The Anglican Family Gathering in Yangon, Myanmar, included a celebration of the Holy Eucharist. • Anglican Taonga photo
Adapted from Anglican Communion News Service
Archbishop Richardson is one of three primates of the Anglican Church in Aotearoa, New Zealand, and Polynesia, with responsibility for seven Tikanga Pakeha dioceses.
Myanmar, the poorest country in Southeast Asia, is only now emerging from 64 years of military dictatorship. Several thousand Anglicans from across Myanmar attended the gathering, which meets every five years.
Richardson said November’s landslide victory by Aung San Suu Kyi’s National League for Democracy has left people cautiously optimistic.
The military is still powerful and omnipresent in Myanmar, “but there’s real hope among the people that they’ve gone so far down the road to democracy that those gains won’t be turned back,” he said. “There is also tremendous pride in what Aung San Suu Kyi has achieved, and a conviction that her leadership will finally bring equitable development.”
There are serious impediments to development, including land confiscations, and social upheavals caused by the regime driving people from their traditional lands. Myanmar has more than 100 different ethnic groups, and during the years of dictatorship the country was embroiled in a civil war.

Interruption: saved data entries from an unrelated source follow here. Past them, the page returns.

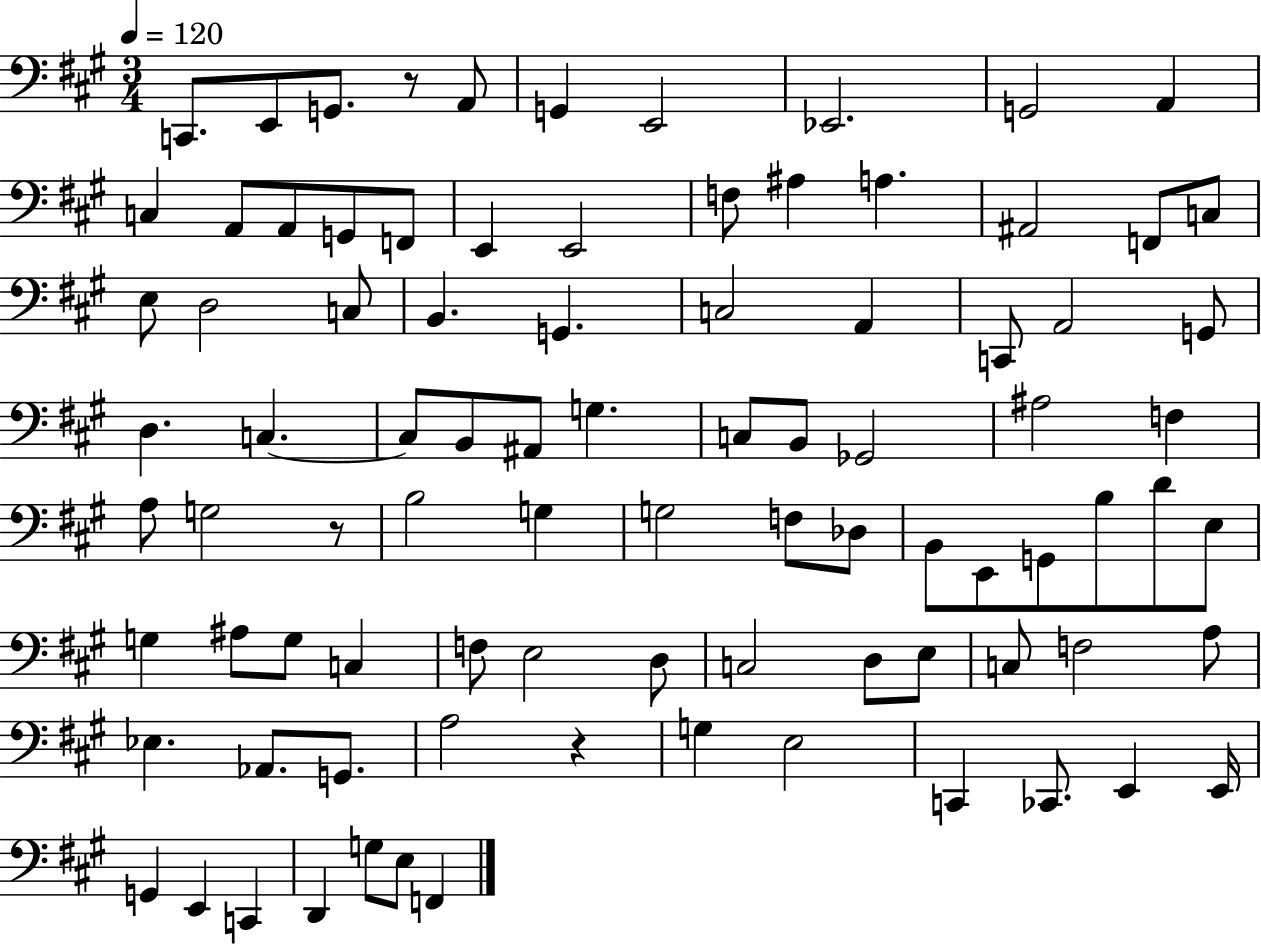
C2/e. E2/e G2/e. R/e A2/e G2/q E2/h Eb2/h. G2/h A2/q C3/q A2/e A2/e G2/e F2/e E2/q E2/h F3/e A#3/q A3/q. A#2/h F2/e C3/e E3/e D3/h C3/e B2/q. G2/q. C3/h A2/q C2/e A2/h G2/e D3/q. C3/q. C3/e B2/e A#2/e G3/q. C3/e B2/e Gb2/h A#3/h F3/q A3/e G3/h R/e B3/h G3/q G3/h F3/e Db3/e B2/e E2/e G2/e B3/e D4/e E3/e G3/q A#3/e G3/e C3/q F3/e E3/h D3/e C3/h D3/e E3/e C3/e F3/h A3/e Eb3/q. Ab2/e. G2/e. A3/h R/q G3/q E3/h C2/q CES2/e. E2/q E2/s G2/q E2/q C2/q D2/q G3/e E3/e F2/q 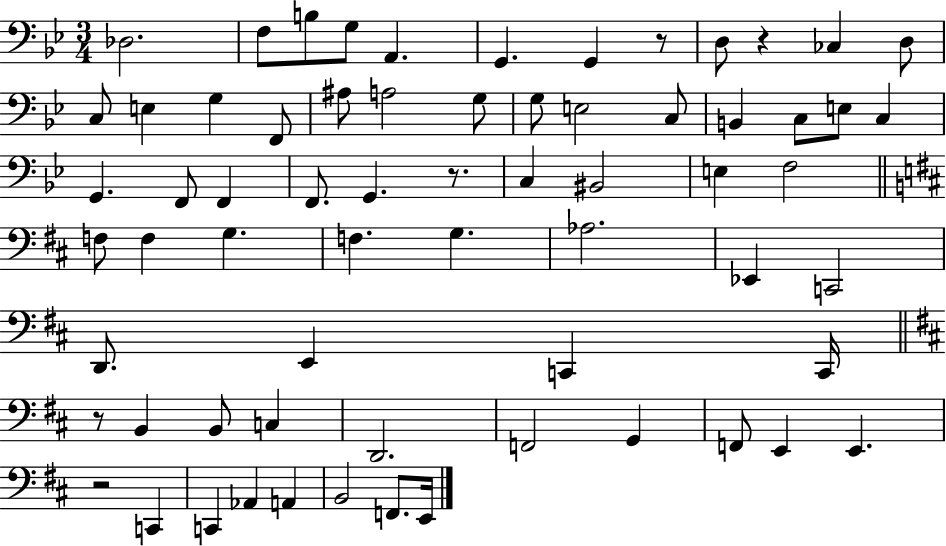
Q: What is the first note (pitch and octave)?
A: Db3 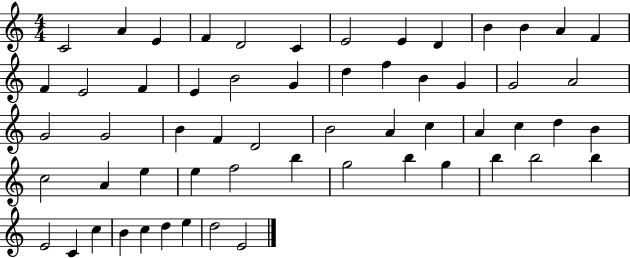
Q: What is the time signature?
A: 4/4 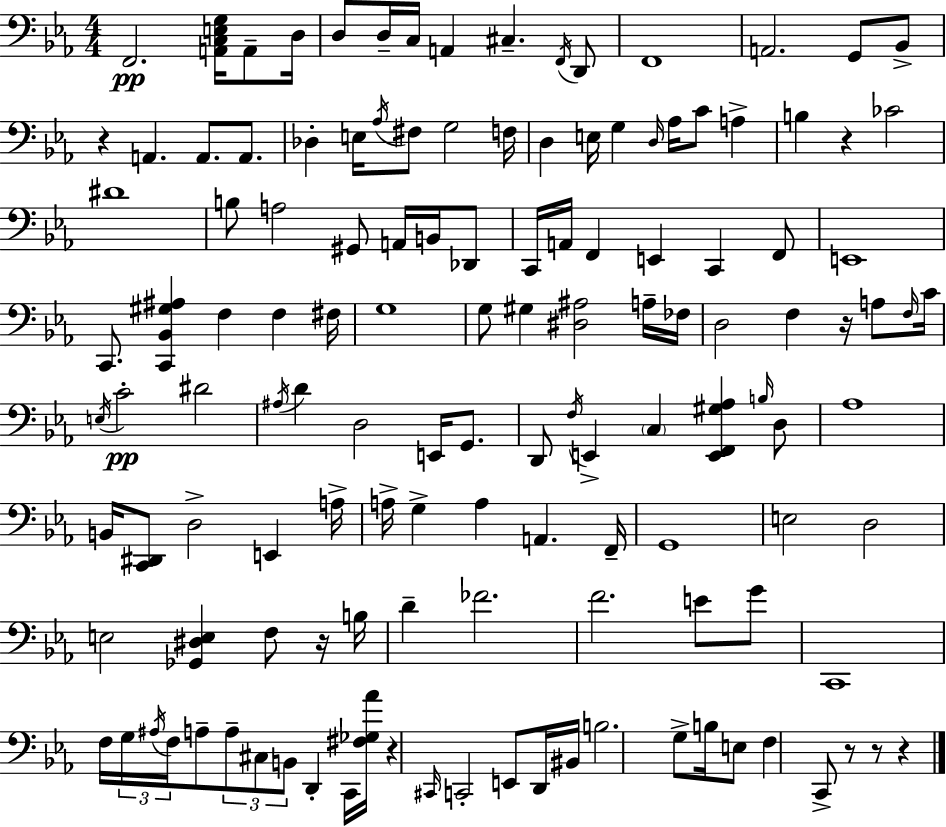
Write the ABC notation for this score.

X:1
T:Untitled
M:4/4
L:1/4
K:Eb
F,,2 [A,,C,E,G,]/4 A,,/2 D,/4 D,/2 D,/4 C,/4 A,, ^C, F,,/4 D,,/2 F,,4 A,,2 G,,/2 _B,,/2 z A,, A,,/2 A,,/2 _D, E,/4 _A,/4 ^F,/2 G,2 F,/4 D, E,/4 G, D,/4 _A,/4 C/2 A, B, z _C2 ^D4 B,/2 A,2 ^G,,/2 A,,/4 B,,/4 _D,,/2 C,,/4 A,,/4 F,, E,, C,, F,,/2 E,,4 C,,/2 [C,,_B,,^G,^A,] F, F, ^F,/4 G,4 G,/2 ^G, [^D,^A,]2 A,/4 _F,/4 D,2 F, z/4 A,/2 F,/4 C/4 E,/4 C2 ^D2 ^A,/4 D D,2 E,,/4 G,,/2 D,,/2 F,/4 E,, C, [E,,F,,^G,_A,] B,/4 D,/2 _A,4 B,,/4 [C,,^D,,]/2 D,2 E,, A,/4 A,/4 G, A, A,, F,,/4 G,,4 E,2 D,2 E,2 [_G,,^D,E,] F,/2 z/4 B,/4 D _F2 F2 E/2 G/2 C,,4 F,/4 G,/4 ^A,/4 F,/4 A,/2 A,/2 ^C,/2 B,,/2 D,, C,,/4 [^F,_G,_A]/4 z ^C,,/4 C,,2 E,,/2 D,,/4 ^B,,/4 B,2 G,/2 B,/4 E,/2 F, C,,/2 z/2 z/2 z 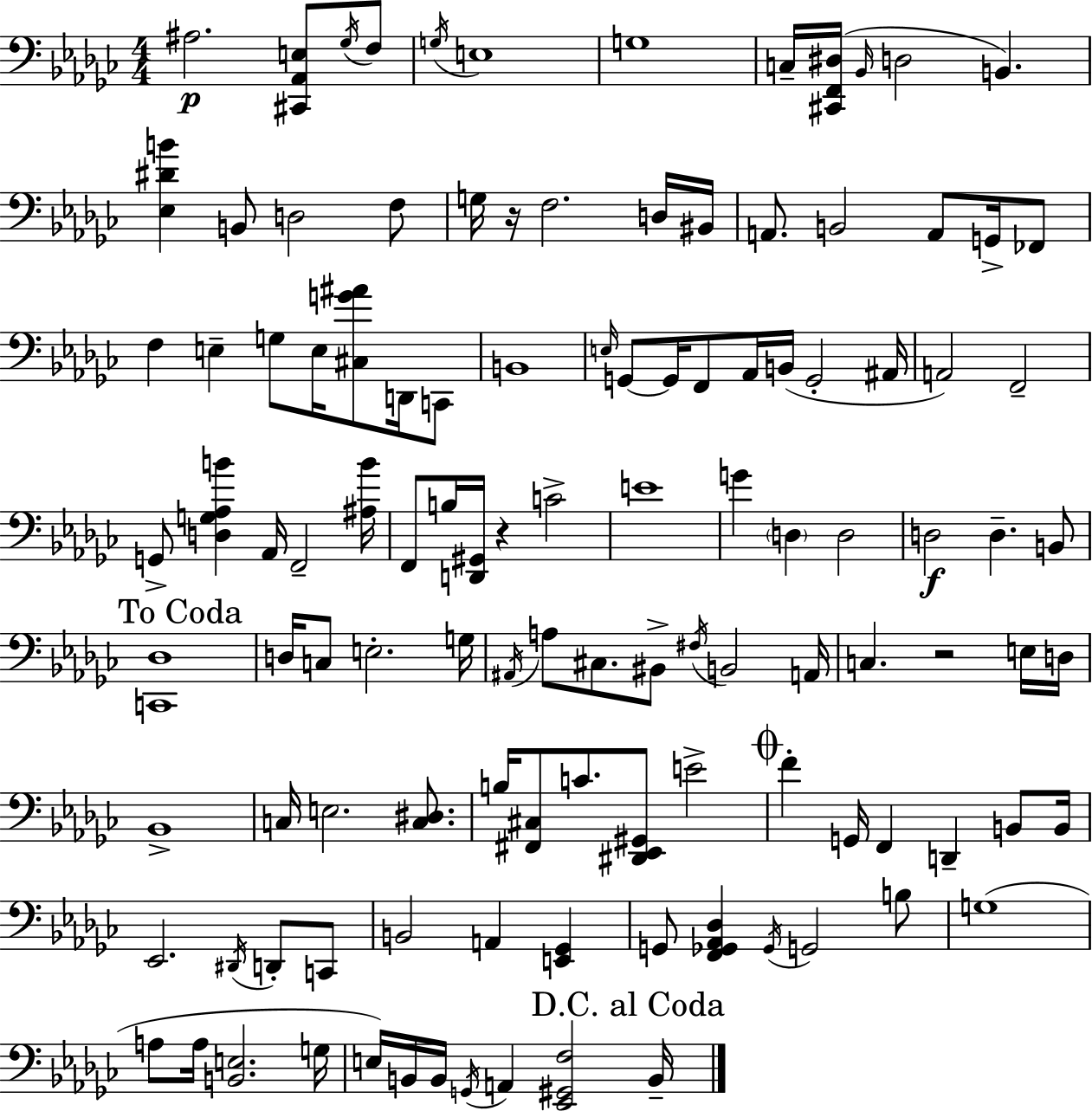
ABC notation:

X:1
T:Untitled
M:4/4
L:1/4
K:Ebm
^A,2 [^C,,_A,,E,]/2 _G,/4 F,/2 G,/4 E,4 G,4 C,/4 [^C,,F,,^D,]/4 _B,,/4 D,2 B,, [_E,^DB] B,,/2 D,2 F,/2 G,/4 z/4 F,2 D,/4 ^B,,/4 A,,/2 B,,2 A,,/2 G,,/4 _F,,/2 F, E, G,/2 E,/4 [^C,G^A]/2 D,,/4 C,,/2 B,,4 E,/4 G,,/2 G,,/4 F,,/2 _A,,/4 B,,/4 G,,2 ^A,,/4 A,,2 F,,2 G,,/2 [D,G,_A,B] _A,,/4 F,,2 [^A,B]/4 F,,/2 B,/4 [D,,^G,,]/4 z C2 E4 G D, D,2 D,2 D, B,,/2 [C,,_D,]4 D,/4 C,/2 E,2 G,/4 ^A,,/4 A,/2 ^C,/2 ^B,,/2 ^F,/4 B,,2 A,,/4 C, z2 E,/4 D,/4 _B,,4 C,/4 E,2 [C,^D,]/2 B,/4 [^F,,^C,]/2 C/2 [^D,,_E,,^G,,]/2 E2 F G,,/4 F,, D,, B,,/2 B,,/4 _E,,2 ^D,,/4 D,,/2 C,,/2 B,,2 A,, [E,,_G,,] G,,/2 [F,,_G,,_A,,_D,] _G,,/4 G,,2 B,/2 G,4 A,/2 A,/4 [B,,E,]2 G,/4 E,/4 B,,/4 B,,/4 G,,/4 A,, [_E,,^G,,F,]2 B,,/4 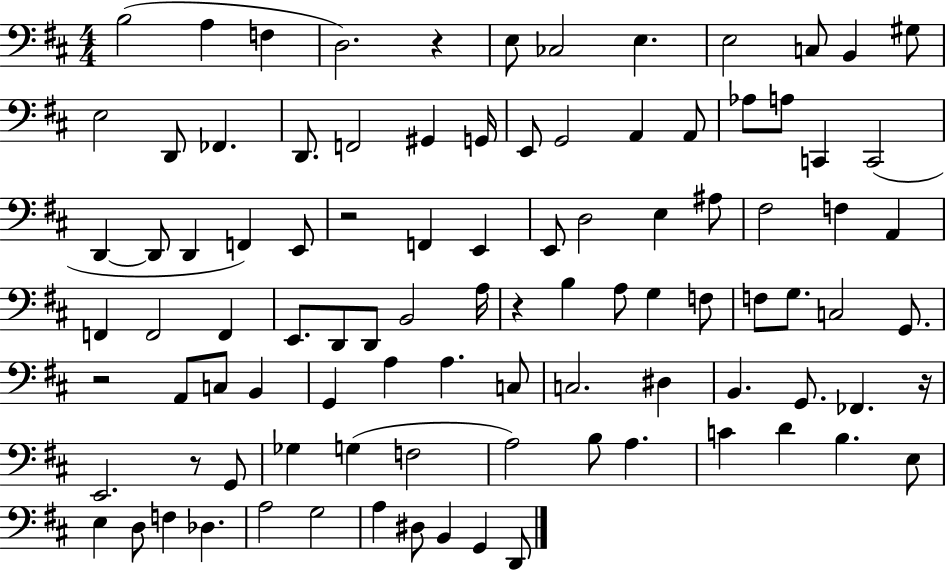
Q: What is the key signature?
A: D major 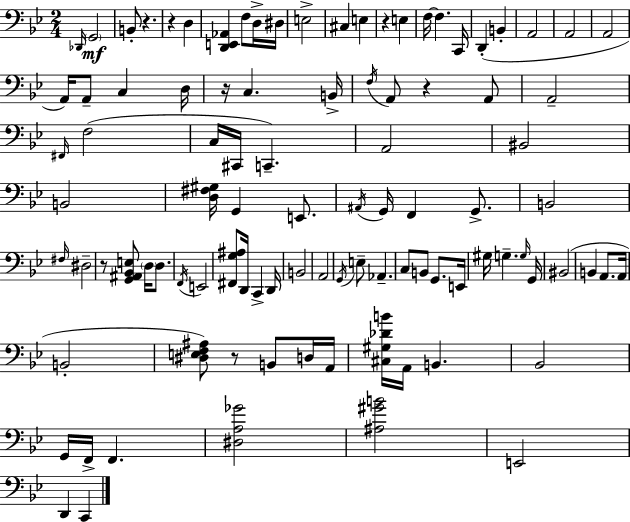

In a country of 51 million where Buddhism is the state religion, the military junta forced foreign missionaries to leave, and questions about religious freedom still remain, the Anglican church is small, stable, ethnically diverse, and welcoming.
“You get the sense of a community that is in very good heart,” Richardson said. “There are significant numbers of vocations, a noticeable group of young leaders, and a growing number of women asking about the role of women in leadership in the church.”
Women in Myanmar have been encouraged by Aung San Suu Kyi’s steadfastness and electoral victory, he said; they were interested in the ordination of women and the way different ethnic groups relate to each other in New Zealand.
The archbishop said he was impressed by the “grace, kindness, and humor of the people,” and their keenness to end their isolation.
“Building these relationships is no short-term endeavor,” he said. “But there is a real openness to the potential for relationships of mutual respect and interdependence.”
Early in the morning after the gathering ended, the Rev. Saw John Wilme drove Richardson five hours northeast to his Diocese of Toungoo.
Along the way they visited a small community of Karen refugees, who were driven from their land by civil war.
This community has just finished building a church, he said, which “represents a challenge to the forces that oppress, a refusal to be overcome, a determination that it will be better for their children.”